Nasse Badebekleidung wechseln

Trockene Wäsche verringert das Risiko für Infektionen im Intimbereich
Frankfurt/Main - Mädchen und Frauen sollten nach dem Baden in Seen oder Schwimmbädern trockene Wäsche anziehen, um das Risiko für Scheideninfektionen zu verringern. "Nasse Badebekleidung kann ebenso wie synthetische Unterwäsche Infektionen im Intimbereich begünstigen", erklärt Christian Albring, Präsident des deutschen Berufsverbandes der Frauenärzte (BVF) in München. Vor allem Frauen, die zu chronischen Scheideninfektionen neigten, sollten diese Regel streng beachten, empfiehlt er.
Aufsteigende Keime

Scheideninfektionen sind dem BVF zufolge nicht nur unangenehm, sondern sie bergen auch das Risiko ernster Gesundheitsprobleme: Steigen Keime in die Gebärmutter, die Eierstöcke, die Eileiter oder die Blase auf, können sie auch dort problematische Entzündungen verursachen.

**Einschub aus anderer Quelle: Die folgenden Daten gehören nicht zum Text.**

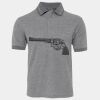 JB's  BIRDS EYE POLO   CHARCOAL - S Thumbnail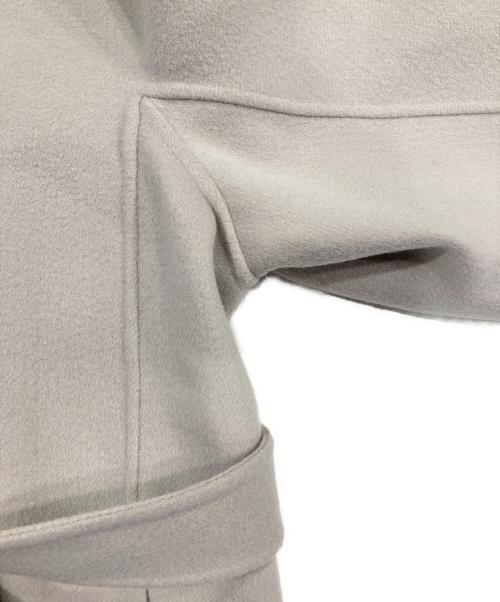 LE PHIL（ル フィル）LE PHIL (ル フィル) ソフトウールリバーノーカラーコート ベージュ サイズ:1の古着・服飾アイテム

Von einer eigenmächtiger Behandlung der Infektion wird abgeraten, weil es zunächst geklärt werden muss, um welche Erreger es sich handelt. "Juckreiz und Ausfluss sind beispielsweise beides Symptome, die durch eine bakterielle Infektion oder eine Besiedelung mit Hefepilzen verursacht werden können. Gegen beide Infektionen führen jedoch nur unterschiedliche therapeutische Maßnahmen zum Behandlungserfolg", erklärt Albring.

1 Kommentar:

  1. Ich denke ich werde in Zukunft wirklich die nassen Badesachen wechseln...sicher ist sicher!